Member of the U.S. House of Representatives from South Carolina's 2nd district
- In office May 17, 1904 – March 3, 1905
- Preceded by: George W. Croft
- Succeeded by: James O'H. Patterson

Member of the South Carolina Senate from Aiken County
- In office January 12, 1909 – February 29, 1912
- Preceded by: Gasper Loren Toole
- Succeeded by: John Frederick Williams

Member of the South Carolina House of Representatives from Aiken County
- In office January 8, 1907 – March 7, 1908

Personal details
- Born: November 26, 1874 Aiken, South Carolina, U.S.
- Died: March 23, 1920 (aged 45) Aiken, South Carolina, U.S.
- Resting place: Aiken, South Carolina
- Party: Democratic
- Education: University of South Carolina (LL.B.)
- Profession: attorney

Military service
- Allegiance: United States
- Branch/service: United States Army
- Years of service: 1918
- Rank: Private

= Theodore G. Croft =

American politician

Theodore Gaillard Croft (November 26, 1874 – March 23, 1920) was a U.S. representative from South Carolina, son of George William Croft.
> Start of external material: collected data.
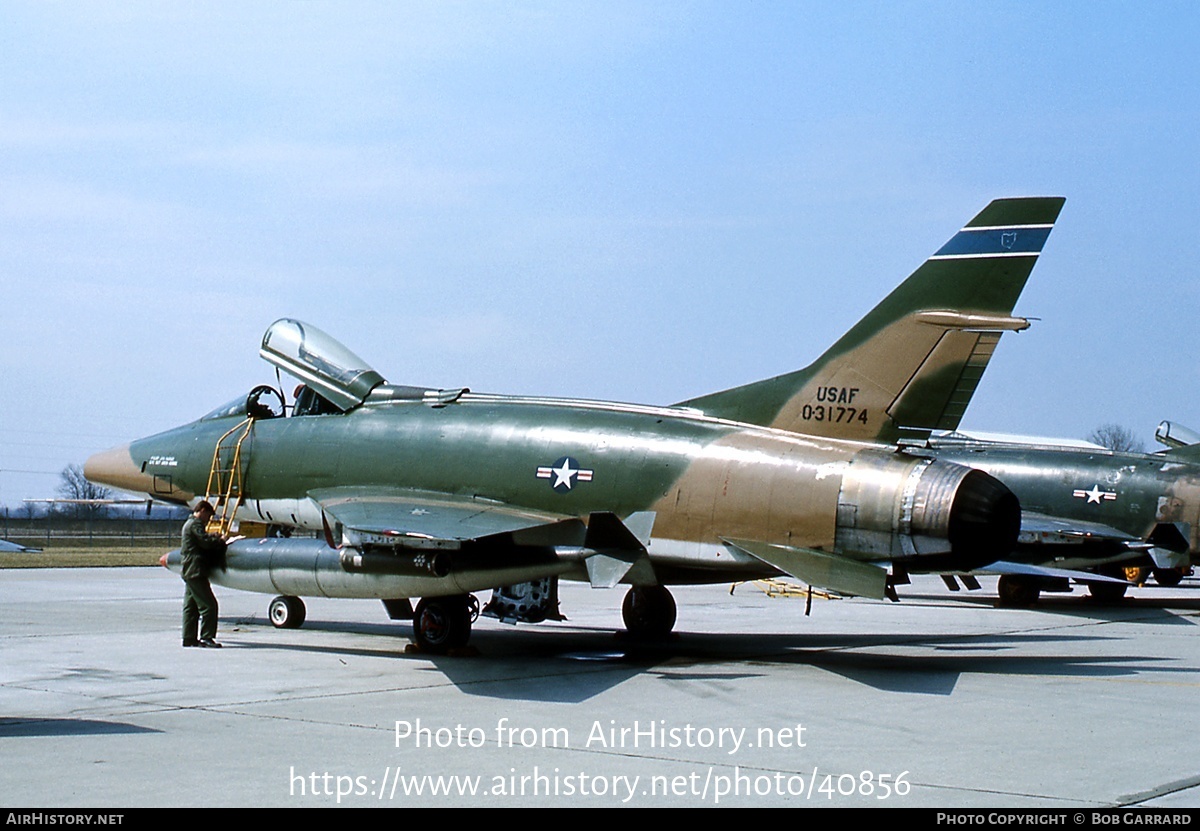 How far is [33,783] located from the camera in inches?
267

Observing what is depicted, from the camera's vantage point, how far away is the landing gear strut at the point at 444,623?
13.6 m

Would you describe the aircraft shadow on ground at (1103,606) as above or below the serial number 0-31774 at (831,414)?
below

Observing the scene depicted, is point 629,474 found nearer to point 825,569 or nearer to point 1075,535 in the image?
point 825,569

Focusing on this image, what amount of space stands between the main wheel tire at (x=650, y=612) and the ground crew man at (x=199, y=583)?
4.84m

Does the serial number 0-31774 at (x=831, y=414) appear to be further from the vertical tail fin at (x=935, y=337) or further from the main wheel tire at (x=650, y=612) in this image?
the main wheel tire at (x=650, y=612)

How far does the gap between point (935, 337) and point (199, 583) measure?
27.4ft

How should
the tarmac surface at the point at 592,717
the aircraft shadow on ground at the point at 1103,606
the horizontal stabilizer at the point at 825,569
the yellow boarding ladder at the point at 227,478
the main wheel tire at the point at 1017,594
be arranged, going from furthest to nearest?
the main wheel tire at the point at 1017,594 < the aircraft shadow on ground at the point at 1103,606 < the yellow boarding ladder at the point at 227,478 < the horizontal stabilizer at the point at 825,569 < the tarmac surface at the point at 592,717

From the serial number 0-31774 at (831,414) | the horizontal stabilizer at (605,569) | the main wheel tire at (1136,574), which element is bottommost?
the main wheel tire at (1136,574)

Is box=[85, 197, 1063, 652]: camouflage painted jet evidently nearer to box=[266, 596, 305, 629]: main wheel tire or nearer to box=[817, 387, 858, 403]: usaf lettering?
box=[817, 387, 858, 403]: usaf lettering

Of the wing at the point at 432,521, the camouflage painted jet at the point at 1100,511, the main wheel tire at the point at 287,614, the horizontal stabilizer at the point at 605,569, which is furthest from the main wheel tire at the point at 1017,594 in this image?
the main wheel tire at the point at 287,614

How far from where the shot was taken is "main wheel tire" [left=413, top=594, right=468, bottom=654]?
44.7 feet

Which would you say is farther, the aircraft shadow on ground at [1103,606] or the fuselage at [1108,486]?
the fuselage at [1108,486]

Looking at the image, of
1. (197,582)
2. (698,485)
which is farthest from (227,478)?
(698,485)

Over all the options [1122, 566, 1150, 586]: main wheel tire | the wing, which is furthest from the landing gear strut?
[1122, 566, 1150, 586]: main wheel tire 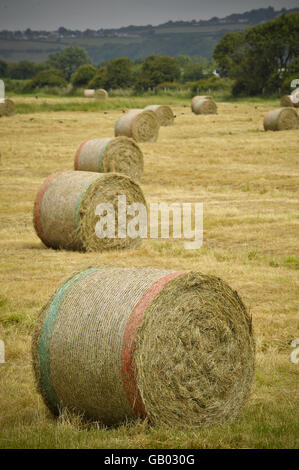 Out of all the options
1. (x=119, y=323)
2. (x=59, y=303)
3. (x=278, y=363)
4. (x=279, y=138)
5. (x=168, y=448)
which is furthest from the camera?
(x=279, y=138)

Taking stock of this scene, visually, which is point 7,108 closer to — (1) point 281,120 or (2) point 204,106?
(2) point 204,106

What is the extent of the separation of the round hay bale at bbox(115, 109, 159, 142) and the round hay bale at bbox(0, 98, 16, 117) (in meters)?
12.4

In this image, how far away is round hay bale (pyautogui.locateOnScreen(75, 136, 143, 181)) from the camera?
19.2 metres

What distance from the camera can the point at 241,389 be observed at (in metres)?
5.96

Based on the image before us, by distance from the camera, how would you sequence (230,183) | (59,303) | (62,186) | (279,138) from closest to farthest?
(59,303), (62,186), (230,183), (279,138)

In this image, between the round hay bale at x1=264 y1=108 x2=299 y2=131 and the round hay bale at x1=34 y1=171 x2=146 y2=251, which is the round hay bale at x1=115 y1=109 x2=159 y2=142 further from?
the round hay bale at x1=34 y1=171 x2=146 y2=251

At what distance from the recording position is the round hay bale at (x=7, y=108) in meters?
39.2

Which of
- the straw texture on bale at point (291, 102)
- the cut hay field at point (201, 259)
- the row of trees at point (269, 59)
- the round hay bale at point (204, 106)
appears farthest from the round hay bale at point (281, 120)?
the row of trees at point (269, 59)

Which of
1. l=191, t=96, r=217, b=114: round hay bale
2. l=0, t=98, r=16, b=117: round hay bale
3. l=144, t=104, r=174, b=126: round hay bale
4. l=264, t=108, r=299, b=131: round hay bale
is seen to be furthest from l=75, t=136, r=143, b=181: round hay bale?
l=191, t=96, r=217, b=114: round hay bale

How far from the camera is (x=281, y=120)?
31391mm

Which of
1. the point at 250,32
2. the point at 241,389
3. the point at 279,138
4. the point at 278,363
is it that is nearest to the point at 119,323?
the point at 241,389

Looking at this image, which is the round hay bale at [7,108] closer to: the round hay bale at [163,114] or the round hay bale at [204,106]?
the round hay bale at [163,114]

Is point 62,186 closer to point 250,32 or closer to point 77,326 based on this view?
point 77,326

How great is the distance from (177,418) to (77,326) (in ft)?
3.31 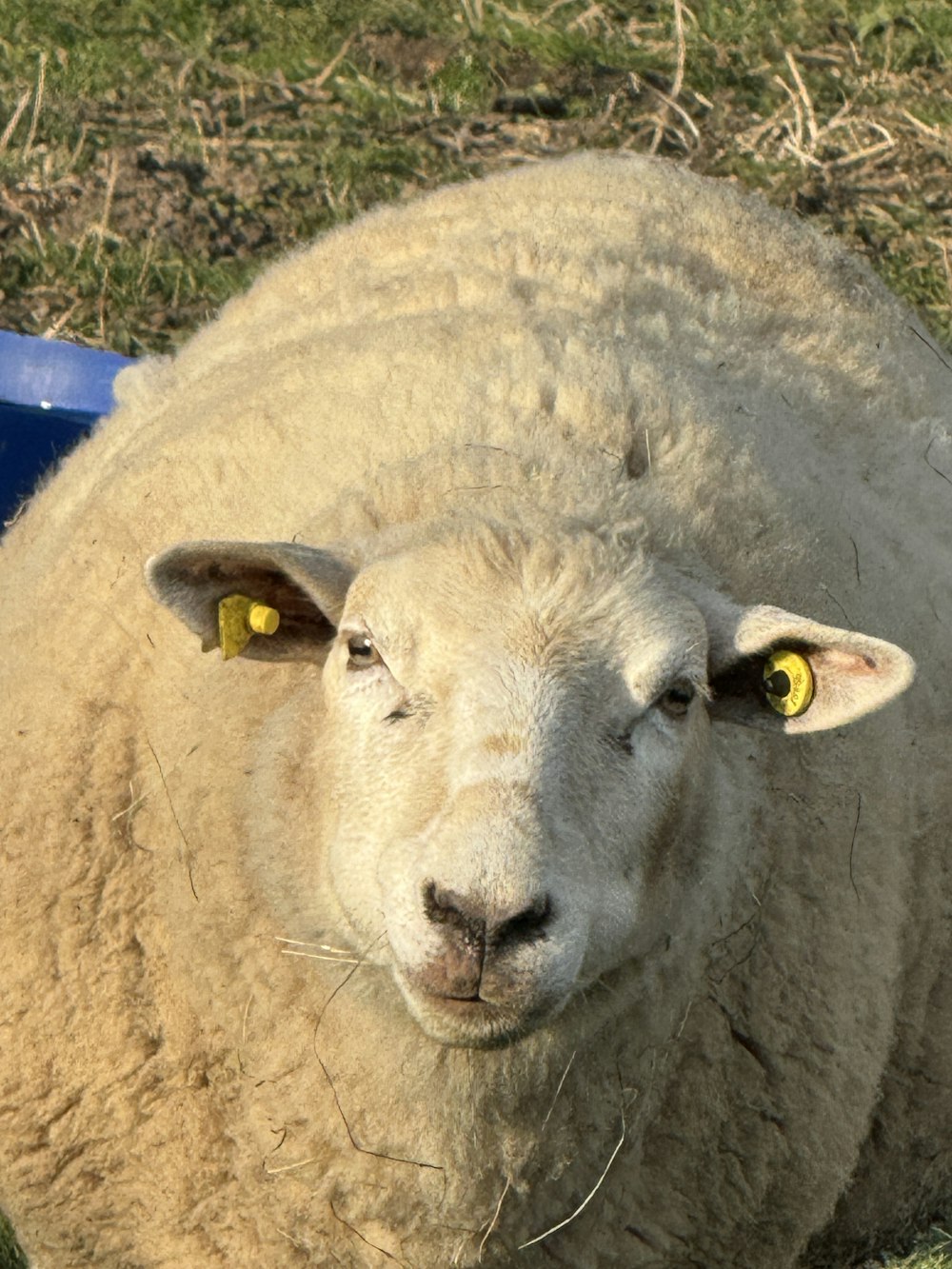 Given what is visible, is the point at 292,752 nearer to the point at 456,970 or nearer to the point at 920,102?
the point at 456,970

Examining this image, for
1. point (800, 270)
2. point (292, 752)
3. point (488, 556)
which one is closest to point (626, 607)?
point (488, 556)

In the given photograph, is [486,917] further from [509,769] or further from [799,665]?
[799,665]

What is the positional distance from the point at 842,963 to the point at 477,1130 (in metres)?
0.86

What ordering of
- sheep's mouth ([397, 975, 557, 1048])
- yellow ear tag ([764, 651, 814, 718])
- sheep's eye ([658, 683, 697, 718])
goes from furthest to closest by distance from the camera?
yellow ear tag ([764, 651, 814, 718]) < sheep's eye ([658, 683, 697, 718]) < sheep's mouth ([397, 975, 557, 1048])

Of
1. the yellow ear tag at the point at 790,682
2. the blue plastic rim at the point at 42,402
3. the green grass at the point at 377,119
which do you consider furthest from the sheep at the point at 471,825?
the green grass at the point at 377,119

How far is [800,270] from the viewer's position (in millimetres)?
5172

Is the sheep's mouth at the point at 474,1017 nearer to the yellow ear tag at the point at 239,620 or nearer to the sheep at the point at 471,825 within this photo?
the sheep at the point at 471,825

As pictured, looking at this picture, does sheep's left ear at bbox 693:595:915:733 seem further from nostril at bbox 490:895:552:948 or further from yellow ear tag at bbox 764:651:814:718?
nostril at bbox 490:895:552:948

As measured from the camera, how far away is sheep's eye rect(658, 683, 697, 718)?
10.6ft

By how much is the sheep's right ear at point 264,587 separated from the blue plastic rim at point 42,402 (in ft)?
8.59

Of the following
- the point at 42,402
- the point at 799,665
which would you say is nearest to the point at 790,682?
A: the point at 799,665

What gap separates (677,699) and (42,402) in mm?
3214

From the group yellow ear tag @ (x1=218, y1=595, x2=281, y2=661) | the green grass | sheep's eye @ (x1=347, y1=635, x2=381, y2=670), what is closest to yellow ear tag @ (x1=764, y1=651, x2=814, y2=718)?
sheep's eye @ (x1=347, y1=635, x2=381, y2=670)

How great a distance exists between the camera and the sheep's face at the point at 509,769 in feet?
9.33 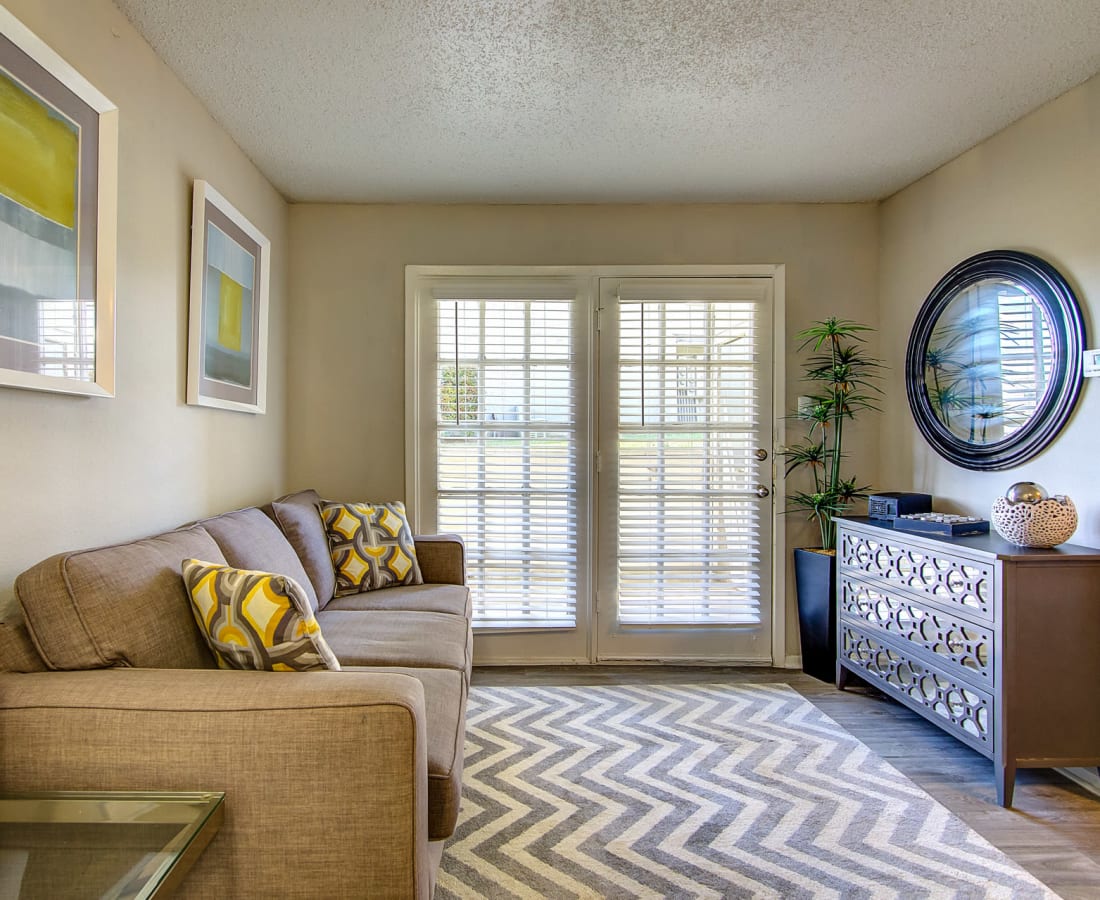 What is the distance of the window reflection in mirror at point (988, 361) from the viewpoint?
2.42 meters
Born in Aiken, South Carolina, Croft attended the common schools. He graduated from Bethel Military Academy in Warrenton, Virginia in 1895 and from the law department of the University of South Carolina at Columbia in 1897. He was admitted to the bar the same year and commenced practice in Aiken, South Carolina.

Croft was elected as a Democrat to the Fifty-eighth Congress to fill the vacancy caused by the death of his father, George W. Croft, and served from May 17, 1904, to March 3, 1905. While in Congress, he carried on his father's idea of building a post office in downtown Aiken. He was not a candidate for renomination in 1904. He resumed the practice of law in Aiken, South Carolina. He later served as member of the State House of Representatives from 1907 to 1908. He served in the State Senate from 1909 to 1912.

After the outbreak of World War I, he enlisted in the U.S. Army October 29, 1918. He was assigned to duty as a private in the Field Artillery Central Officers' Training School, Camp Zachary Taylor, and served until December 5, 1918, when he was honorably discharged.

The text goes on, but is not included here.